Karar : Yapılan görüşmeler sonucunda, ayrıntıları ve gerekçeleri yukarıda izah olunduğu üzere;
TRT 1 logosuyla yayın yapan TÜRKİYE RADYO VE TELEVİZYON KURUMU unvanlı kuruluş hakkında; 6112 sayılı Kanunun 8 inci maddesinin birinci fıkrasının (e) bendinde yer alan; "Irk, renk, dil, din, tabiiyet, cinsiyet, engellilik, siyasî ve felsefî düşünce, mezhep ve benzeri nedenlerle ayrımcılık yapan ve bireyleri aşağılayan yayınları içeremez ve teşvik edemez.” hükmünün ihlali nedeniyle, aynı Kanunun “Türkiye Radyo-Televizyon Kurumunun yükümlülüğü” başlıklı 45 inci maddesindeki;
“(1) 8 inci maddede belirtilen yayın ilkeleri ile bu Kanunun yayın hizmetlerinde ticarî iletişimi düzenleyen hükümleri, Türkiye Radyo-Televizyon Kurumu yayınları hakkında da uygulanır.

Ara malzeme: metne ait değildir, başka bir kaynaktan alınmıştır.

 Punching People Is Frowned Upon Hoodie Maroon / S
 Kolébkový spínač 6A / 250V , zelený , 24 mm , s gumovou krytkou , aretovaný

(2) Söz konusu yükümlülüğün yerine getirilmemesi hâlinde, Türkiye Radyo-Televizyon Kurumu ihlâlin niteliği açıkça belirtilerek Üst Kurulca uyarılır ve yükümlülüğün gereğinin yerine getirilmesi ilgili Bakanlığa bildirilir.”
Hükmü gereğince, “UYARI” YAPTIRIMININ UYGULANMASINA ve yükümlülüğün gereğinin yerine getirilmesi hususunun ilgili Bakanlığa bildirilmesine, oy birliği ile karar verildi.